EconForge / interpolation.py

BSD 2-Clause "Simplified" License
124 stars 35 forks source link

Change data order for multilinear routines. #1

Closed albop closed 8 years ago

albop commented 10 years ago

Currently each observation is assumed to take one columns. We want to transition to one observation per row instead.

sglyon commented 10 years ago

This is an important distinction, especially when thinking about writing routines for both numpy and Julia as they have different array orderings.

albop commented 10 years ago

Yes, but this issue is actually more subtle than that. When I first wrote the multilinear routines, I reversed all conventions but I don't think anymore that it is a good idea.

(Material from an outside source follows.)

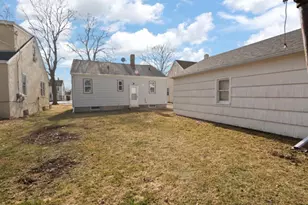 1132 12th Ave, Green Bay, WI 54304 - Photo 21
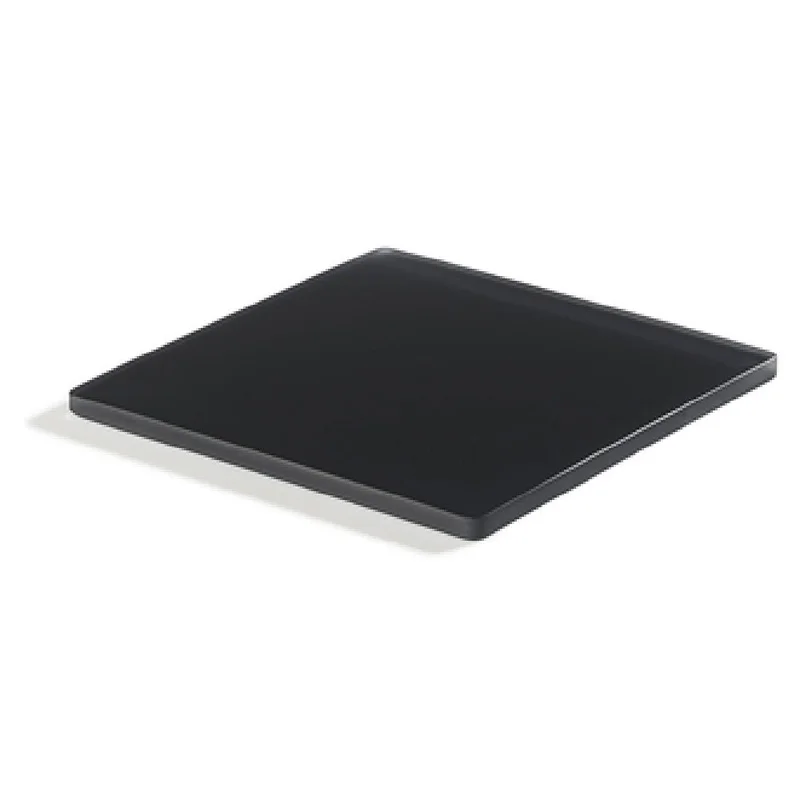 restaurantsupply-22488852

We probably want to keep the same user interface than Julia, with numpy, i.e. one line per observation, even though memory ordering is not the same. C-order for memory layout combined with one observation per row for the user-interface ensures that each observation is contiguous in memory, which is a desirable feature for big data sets. On a small workstation, both layouts seem to give similar performance anyway.

Another argumument to keep one observation per row, is that pandas use this convention, and so does Numba, even though I never fully understood why (https://groups.google.com/a/continuum.io/forum/#!msg/numba-users/sGnTwU56f7c/gUhhko6ZDjAJ).

The unintuitive result of these considerations is that we should keep the same ordering as in Julia with different memory layout, knowing that is is probably suboptimal in one of the two implementations (possibly Julia).